# YOUR OBJECTIVE
Start at the first line of the material below and retype each line through the one containing "Antirutschband tesa 55580", exactly.

# SUPPLIED DATA

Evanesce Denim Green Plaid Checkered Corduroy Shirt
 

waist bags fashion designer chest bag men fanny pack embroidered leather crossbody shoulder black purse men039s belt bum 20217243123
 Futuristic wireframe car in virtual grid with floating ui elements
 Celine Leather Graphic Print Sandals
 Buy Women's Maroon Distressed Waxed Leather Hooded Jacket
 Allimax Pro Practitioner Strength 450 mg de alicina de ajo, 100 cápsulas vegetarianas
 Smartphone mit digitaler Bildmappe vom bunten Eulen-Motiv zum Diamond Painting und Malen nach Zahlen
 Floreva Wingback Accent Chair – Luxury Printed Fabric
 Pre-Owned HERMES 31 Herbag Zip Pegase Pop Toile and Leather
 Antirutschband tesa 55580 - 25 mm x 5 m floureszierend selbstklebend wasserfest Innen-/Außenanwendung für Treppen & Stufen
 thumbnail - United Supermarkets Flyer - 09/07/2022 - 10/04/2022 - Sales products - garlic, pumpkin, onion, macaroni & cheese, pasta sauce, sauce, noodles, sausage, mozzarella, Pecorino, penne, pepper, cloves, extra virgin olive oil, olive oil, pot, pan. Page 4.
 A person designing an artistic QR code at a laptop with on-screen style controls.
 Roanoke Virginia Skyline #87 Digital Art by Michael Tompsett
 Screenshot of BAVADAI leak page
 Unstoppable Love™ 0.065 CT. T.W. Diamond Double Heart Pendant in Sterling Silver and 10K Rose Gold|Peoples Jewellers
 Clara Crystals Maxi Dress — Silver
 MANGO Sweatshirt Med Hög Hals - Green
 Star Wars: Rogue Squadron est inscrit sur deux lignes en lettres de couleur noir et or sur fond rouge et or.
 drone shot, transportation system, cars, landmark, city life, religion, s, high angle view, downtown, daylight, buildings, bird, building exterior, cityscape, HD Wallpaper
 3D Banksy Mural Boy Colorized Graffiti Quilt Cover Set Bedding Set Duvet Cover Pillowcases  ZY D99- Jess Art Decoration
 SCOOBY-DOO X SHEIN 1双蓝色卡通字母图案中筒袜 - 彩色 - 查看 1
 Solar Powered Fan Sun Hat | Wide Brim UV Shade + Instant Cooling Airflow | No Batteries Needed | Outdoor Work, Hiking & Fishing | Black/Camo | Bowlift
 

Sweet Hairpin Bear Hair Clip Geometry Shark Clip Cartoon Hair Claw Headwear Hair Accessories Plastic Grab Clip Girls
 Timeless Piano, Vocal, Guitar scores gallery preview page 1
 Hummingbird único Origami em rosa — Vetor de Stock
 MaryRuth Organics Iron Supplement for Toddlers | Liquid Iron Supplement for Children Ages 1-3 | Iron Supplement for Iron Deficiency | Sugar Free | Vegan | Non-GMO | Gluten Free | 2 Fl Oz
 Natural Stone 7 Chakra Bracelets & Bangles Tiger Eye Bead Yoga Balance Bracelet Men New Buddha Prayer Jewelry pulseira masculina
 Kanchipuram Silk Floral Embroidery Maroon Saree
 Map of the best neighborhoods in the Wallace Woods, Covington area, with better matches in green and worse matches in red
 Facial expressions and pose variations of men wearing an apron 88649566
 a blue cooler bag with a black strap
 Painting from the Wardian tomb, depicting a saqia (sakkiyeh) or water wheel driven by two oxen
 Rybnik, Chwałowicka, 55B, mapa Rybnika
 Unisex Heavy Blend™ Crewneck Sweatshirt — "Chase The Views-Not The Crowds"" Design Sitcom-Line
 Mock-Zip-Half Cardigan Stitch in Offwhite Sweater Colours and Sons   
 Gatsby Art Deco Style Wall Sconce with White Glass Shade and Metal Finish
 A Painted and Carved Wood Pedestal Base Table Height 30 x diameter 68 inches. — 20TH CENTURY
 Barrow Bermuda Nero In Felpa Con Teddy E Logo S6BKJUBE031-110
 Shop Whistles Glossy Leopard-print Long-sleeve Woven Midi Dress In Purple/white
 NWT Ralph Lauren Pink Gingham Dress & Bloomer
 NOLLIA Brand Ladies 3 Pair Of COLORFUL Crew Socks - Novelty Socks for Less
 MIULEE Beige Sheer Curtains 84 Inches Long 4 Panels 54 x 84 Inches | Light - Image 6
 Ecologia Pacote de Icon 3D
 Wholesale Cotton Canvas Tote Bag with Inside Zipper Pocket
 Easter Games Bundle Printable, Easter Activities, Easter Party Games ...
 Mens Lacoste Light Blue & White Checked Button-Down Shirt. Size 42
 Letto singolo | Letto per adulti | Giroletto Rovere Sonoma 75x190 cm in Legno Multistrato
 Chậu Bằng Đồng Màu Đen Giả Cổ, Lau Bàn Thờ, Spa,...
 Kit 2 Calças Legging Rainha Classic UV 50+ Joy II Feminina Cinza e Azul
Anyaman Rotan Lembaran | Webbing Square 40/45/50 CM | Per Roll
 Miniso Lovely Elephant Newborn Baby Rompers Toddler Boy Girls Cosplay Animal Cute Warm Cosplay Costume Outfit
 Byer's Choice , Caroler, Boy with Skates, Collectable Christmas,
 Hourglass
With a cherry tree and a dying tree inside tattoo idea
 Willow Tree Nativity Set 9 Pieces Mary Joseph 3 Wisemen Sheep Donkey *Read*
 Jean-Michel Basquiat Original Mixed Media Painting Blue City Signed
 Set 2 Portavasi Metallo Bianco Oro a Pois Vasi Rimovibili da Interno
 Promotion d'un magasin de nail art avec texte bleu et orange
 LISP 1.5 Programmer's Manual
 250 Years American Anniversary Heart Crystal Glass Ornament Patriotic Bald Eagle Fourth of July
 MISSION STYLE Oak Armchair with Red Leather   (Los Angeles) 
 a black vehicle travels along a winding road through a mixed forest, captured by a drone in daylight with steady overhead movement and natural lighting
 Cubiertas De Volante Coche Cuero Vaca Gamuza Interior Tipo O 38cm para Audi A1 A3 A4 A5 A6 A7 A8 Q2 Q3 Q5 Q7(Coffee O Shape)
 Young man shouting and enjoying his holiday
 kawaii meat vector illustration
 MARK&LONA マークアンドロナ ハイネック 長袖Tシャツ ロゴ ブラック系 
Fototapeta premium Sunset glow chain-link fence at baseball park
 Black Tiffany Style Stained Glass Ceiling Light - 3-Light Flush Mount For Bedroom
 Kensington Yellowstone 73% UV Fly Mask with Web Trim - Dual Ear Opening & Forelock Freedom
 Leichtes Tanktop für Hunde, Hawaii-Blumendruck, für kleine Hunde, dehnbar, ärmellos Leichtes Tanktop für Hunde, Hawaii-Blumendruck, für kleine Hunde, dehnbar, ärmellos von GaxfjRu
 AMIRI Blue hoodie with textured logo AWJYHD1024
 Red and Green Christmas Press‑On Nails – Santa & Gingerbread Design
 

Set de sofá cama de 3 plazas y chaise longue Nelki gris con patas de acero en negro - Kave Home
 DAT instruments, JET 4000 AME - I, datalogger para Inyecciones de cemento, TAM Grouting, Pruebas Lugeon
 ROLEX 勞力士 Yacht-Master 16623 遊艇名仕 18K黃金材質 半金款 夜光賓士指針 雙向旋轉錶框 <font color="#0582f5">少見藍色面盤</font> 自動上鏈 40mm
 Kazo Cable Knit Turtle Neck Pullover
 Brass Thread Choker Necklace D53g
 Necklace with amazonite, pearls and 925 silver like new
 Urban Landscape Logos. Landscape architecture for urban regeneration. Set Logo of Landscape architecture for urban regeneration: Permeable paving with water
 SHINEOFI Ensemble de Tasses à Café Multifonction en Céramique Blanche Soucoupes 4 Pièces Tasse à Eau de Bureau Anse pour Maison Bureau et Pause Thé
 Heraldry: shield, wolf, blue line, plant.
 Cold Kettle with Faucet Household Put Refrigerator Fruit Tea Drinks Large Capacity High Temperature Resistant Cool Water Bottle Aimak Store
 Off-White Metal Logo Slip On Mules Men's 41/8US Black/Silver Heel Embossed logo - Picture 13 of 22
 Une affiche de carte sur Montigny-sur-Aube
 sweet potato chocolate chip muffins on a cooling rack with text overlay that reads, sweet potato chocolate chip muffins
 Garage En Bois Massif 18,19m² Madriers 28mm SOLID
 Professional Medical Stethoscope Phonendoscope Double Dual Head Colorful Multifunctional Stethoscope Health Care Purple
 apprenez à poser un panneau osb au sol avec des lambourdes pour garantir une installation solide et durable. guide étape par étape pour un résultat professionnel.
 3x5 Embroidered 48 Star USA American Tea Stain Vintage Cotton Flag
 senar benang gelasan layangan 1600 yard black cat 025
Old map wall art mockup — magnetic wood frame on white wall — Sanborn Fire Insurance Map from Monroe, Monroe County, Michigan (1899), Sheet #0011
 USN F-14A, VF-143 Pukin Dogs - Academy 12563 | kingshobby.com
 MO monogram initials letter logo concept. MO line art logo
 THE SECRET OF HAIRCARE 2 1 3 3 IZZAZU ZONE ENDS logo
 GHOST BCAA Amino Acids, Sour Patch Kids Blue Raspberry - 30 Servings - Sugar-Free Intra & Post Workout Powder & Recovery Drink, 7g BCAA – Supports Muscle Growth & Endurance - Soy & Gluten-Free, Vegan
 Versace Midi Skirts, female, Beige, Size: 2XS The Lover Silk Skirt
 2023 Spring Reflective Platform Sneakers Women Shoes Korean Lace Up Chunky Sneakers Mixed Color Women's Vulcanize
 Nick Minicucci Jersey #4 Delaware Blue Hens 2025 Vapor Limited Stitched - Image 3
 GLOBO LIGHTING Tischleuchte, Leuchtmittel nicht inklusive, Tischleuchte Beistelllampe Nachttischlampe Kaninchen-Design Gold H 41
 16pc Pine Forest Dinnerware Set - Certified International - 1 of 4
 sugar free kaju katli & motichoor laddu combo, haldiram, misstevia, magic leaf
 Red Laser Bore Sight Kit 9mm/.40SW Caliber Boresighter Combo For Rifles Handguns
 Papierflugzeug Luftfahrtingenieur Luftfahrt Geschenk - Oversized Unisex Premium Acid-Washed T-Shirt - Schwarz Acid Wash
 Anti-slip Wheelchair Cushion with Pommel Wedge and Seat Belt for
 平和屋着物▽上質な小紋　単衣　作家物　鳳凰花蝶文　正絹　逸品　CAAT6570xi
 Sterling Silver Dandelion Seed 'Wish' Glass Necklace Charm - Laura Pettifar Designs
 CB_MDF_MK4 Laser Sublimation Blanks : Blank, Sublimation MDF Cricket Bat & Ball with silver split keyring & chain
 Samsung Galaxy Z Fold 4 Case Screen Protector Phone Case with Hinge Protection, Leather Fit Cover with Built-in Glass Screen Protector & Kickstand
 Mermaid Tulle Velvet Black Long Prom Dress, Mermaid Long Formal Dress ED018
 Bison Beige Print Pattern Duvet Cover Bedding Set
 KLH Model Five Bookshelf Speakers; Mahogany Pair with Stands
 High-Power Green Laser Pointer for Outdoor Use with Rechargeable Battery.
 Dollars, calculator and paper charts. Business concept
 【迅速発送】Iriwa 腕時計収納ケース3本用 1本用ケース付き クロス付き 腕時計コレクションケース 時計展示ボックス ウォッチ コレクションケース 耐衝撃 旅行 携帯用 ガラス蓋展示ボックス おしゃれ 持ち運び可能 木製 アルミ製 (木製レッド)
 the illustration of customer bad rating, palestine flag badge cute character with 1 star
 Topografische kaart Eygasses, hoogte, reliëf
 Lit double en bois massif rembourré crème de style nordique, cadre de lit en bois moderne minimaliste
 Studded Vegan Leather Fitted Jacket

# EXERCISE SOLUTION
Evanesce Denim Green Plaid Checkered Corduroy Shirt
 

waist bags fashion designer chest bag men fanny pack embroidered leather crossbody shoulder black purse men039s belt bum 20217243123
 Futuristic wireframe car in virtual grid with floating ui elements
 Celine Leather Graphic Print Sandals
 Buy Women's Maroon Distressed Waxed Leather Hooded Jacket
 Allimax Pro Practitioner Strength 450 mg de alicina de ajo, 100 cápsulas vegetarianas
 Smartphone mit digitaler Bildmappe vom bunten Eulen-Motiv zum Diamond Painting und Malen nach Zahlen
 Floreva Wingback Accent Chair – Luxury Printed Fabric
 Pre-Owned HERMES 31 Herbag Zip Pegase Pop Toile and Leather
 Antirutschband tesa 55580 - 25 mm x 5 m floureszierend selbstklebend wasserfest Innen-/Außenanwendung für Treppen & Stufen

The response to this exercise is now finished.